How Validation Works During Training

The validation set is not used to teach the model — it's a "practice exam" the model takes after each boosting round to check if it's actually learning generalizable patterns or just memorizing the training data.

Step	What Happens	Analogy
1. Train	XGBoost builds a new tree using the train data (70%). The model's internal weights update.	Student studies a chapter
2. Validate	XGBoost predicts on validation data (10%) — without learning from it. Computes logloss.	Student takes a practice quiz (no peeking at answers)
3. Log	Both metrics printed: `[50] train-logloss:0.309 val-logloss:0.317`	Teacher records both scores
4. Repeat	Steps 1–3 repeat for all 1000 rounds (num_round)	1000 study sessions with practice quizzes

✅ Learning Well

Train ↓ & Val ↓
Both improving together

⚠️ Overfitting

Train ↓ but Val → or ↑
Memorizing, not learning

❌ Underfitting

Both high & flat
Model too simple

In Lab 3: We saw overfitting start at ~round 250 (val-logloss plateaued at 0.300 while train kept dropping to 0.271). Lab 4 fixes this with early stopping — automatically halting training when validation stops improving.

The test set (20%) is the "final exam" — used only once after training is completely done (Lab 5) to get an honest, unbiased score. If you used it during training, you'd be "teaching to the test" and your real-world performance estimate would be too optimistic.

Key Concepts Covered

📦

SageMaker Estimator

High-level Python SDK interface that wraps container image, instance type, IAM role, and output path into a single object you call .fit() on.

🌳

XGBoost Algorithm

Gradient boosted trees — an ensemble of weak decision trees trained sequentially, each correcting the errors of the previous one. Ideal for tabular classification.

⚙️

Hyperparameters

Knobs that control training behavior (tree depth, learning rate, regularization). Set before training — not learned from data. Tuned in Lab 4.

📊

Debugger Report

Auto-generated notebook with loss curves, confusion matrix, feature importance, and classification metrics — no extra code needed.

💡

Why this matters at AnyCompany: The same pattern — Estimator + XGBoost + Debugger — is how you'd train an attrition prediction model on millions of employee records. The only differences: your features come from HRIS data (tenure, engagement scores, promotion history) and your target is left_company instead of income.

🔄 SageMaker Training Architecture

A SageMaker training job orchestrates multiple AWS services behind the scenes. Your notebook code simply calls .fit() — SageMaker handles provisioning compute, pulling the container image, downloading data from S3, running the algorithm, and uploading the model artifact back to S3.

Click any component to explore

📦 S3 Training Data: The processed CSV files from Labs 1–2 (train 70%, validation 10%) stored in your lab S3 bucket.

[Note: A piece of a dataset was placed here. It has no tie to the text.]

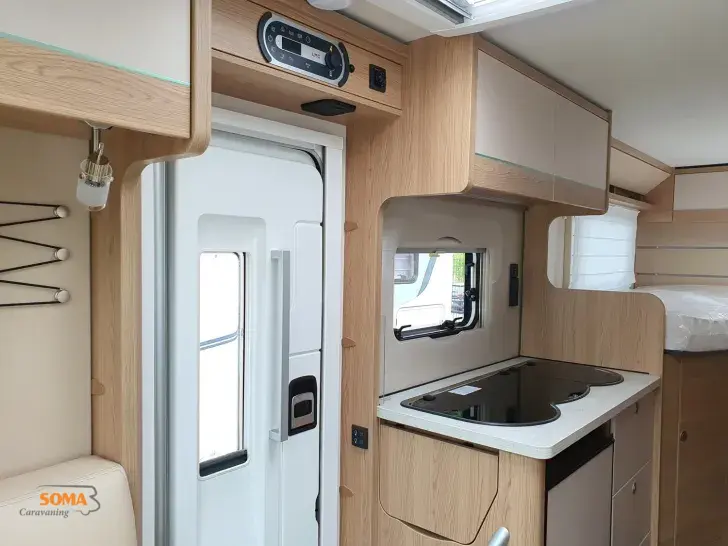 Fahrzeugbild LMC Cruiser 70 V 643 G 70 JAHRE SONDERMODELL ! #11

XGBoost reads CSV with the target column first (column 0 = income label).

Training Job Configuration

Instance Typeml.m5.xlarge (4 vCPU, 16 GB)

Instance Count1

AlgorithmXGBoost 1.5-1

Input Formattext/csv

Outputs3://bucket/scripts/data/output/

Debugger RuleCreateXgboostReport (every 5 steps)

🔍

How Debugger works: The CreateXgboostReport rule launches a separate processing job (on ml.t3.medium) that reads tensor snapshots saved every 5 rounds. It uses the container sagemaker-debugger-rules:latest from ECR to generate the report notebook. The training job itself always succeeds independently — the Debugger is an optional add-on for visualization.

🌳 XGBoost Deep Dive

XGBoost (eXtreme Gradient Boosting) is a supervised learning algorithm that builds an ensemble of decision trees sequentially. Each new tree focuses on correcting the mistakes of the previous ensemble, gradually reducing prediction error through gradient descent in function space.

How Gradient Boosting Works

🌳 Step 1 — Initial Prediction: Start with a simple baseline (e.g., average probability). For binary classification, this is the log-odds of the positive class in the training data.

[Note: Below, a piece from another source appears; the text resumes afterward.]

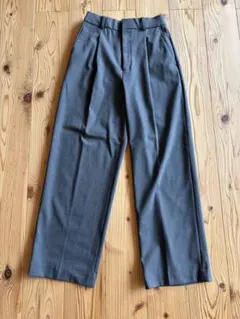 美品　UNIQLO ユニクロ タックワイドパンツ gray Sサイズ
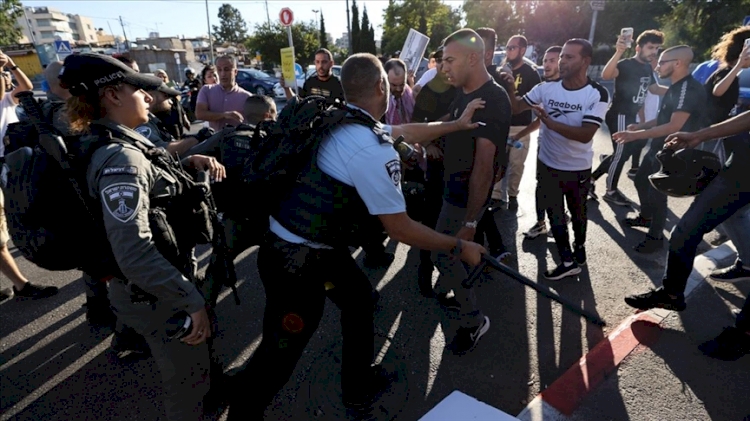 İşgal güçleri Şeyh Cerrah Mahallesi'nde düzenlenen barışçıl gösteriye müdahale etti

Why XGBoost for This Problem?

Strength	How It Helps	HCM Relevance
Handles mixed features	Works with both ordinal-encoded and one-hot-encoded columns without normalization	Employee data mixes numeric (tenure, salary) with categorical (department, level)
Built-in regularization	gamma, min_child_weight, and subsample prevent overfitting on noisy data	HR data is noisy — engagement surveys have measurement error
Feature importance	Automatically ranks which features drive predictions	Tells you whether tenure or manager changes matter more for attrition
Fast on CPU	Trains in ~2 minutes on ml.m5.xlarge for 22K rows × 34 features	Most HCM datasets are tabular and fit comfortably on CPU instances
Binary classification	`binary:logistic` objective outputs probability [0,1]	Attrition is binary: left_company = 1 or 0

📝

Note: XGBoost is the go-to algorithm for structured/tabular data competitions and enterprise ML. For AnyCompany's attrition model, it would likely outperform logistic regression while remaining interpretable through feature importance and SHAP values. Deep learning (neural nets) is overkill for tabular HCM data with <100 features.

⚙️ Hyperparameters Explained

Hyperparameters are configuration values set before training begins — they control how the algorithm learns, not what it learns. The lab uses 7 key hyperparameters for XGBoost. Getting these right is the difference between a model that generalizes well and one that memorizes training noise.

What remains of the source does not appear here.